> DATASET EXCERPT:
....

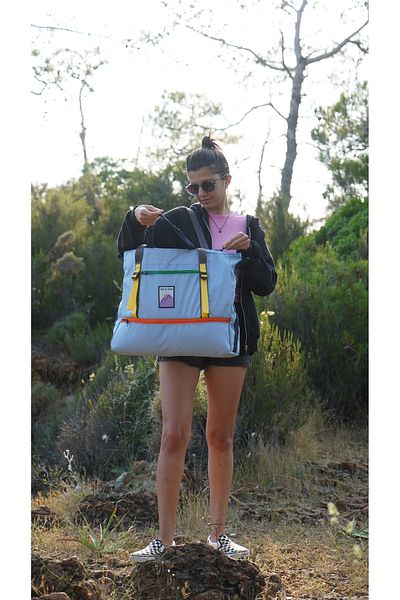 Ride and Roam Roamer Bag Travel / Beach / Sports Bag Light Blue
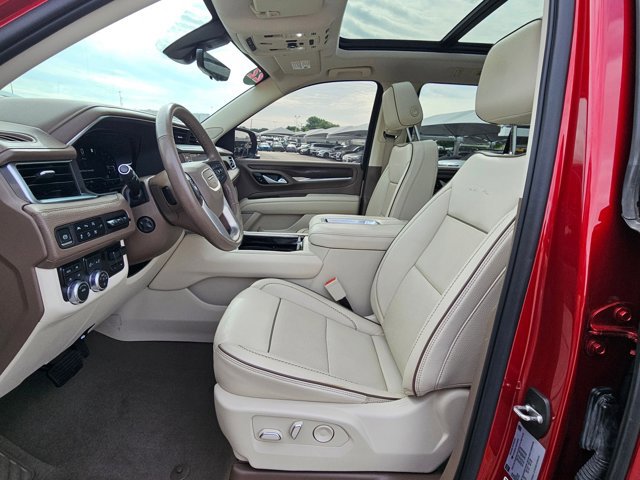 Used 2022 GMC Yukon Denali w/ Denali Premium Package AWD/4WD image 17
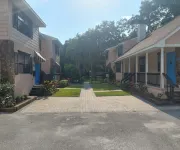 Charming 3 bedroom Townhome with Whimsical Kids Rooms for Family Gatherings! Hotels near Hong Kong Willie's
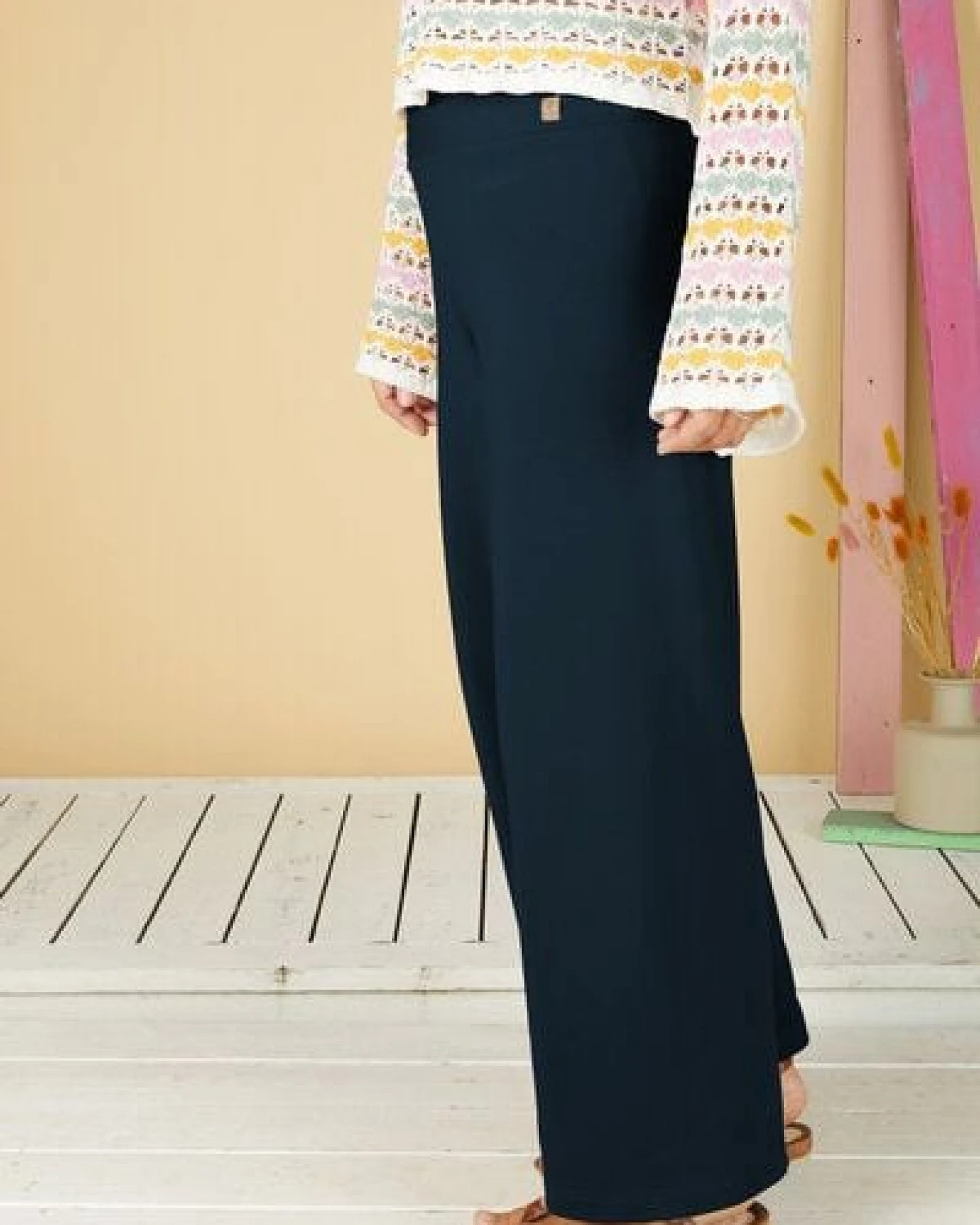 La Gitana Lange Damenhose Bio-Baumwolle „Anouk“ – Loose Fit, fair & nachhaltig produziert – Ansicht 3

....

For this step, transcribe all the material above exactly and drop the images.

 Ride and Roam Roamer Bag Travel / Beach / Sports Bag Light Blue
 Used 2022 GMC Yukon Denali w/ Denali Premium Package AWD/4WD image 17
 Charming 3 bedroom Townhome with Whimsical Kids Rooms for Family Gatherings! Hotels near Hong Kong Willie's
 La Gitana Lange Damenhose Bio-Baumwolle „Anouk“ – Loose Fit, fair & nachhaltig produziert – Ansicht 3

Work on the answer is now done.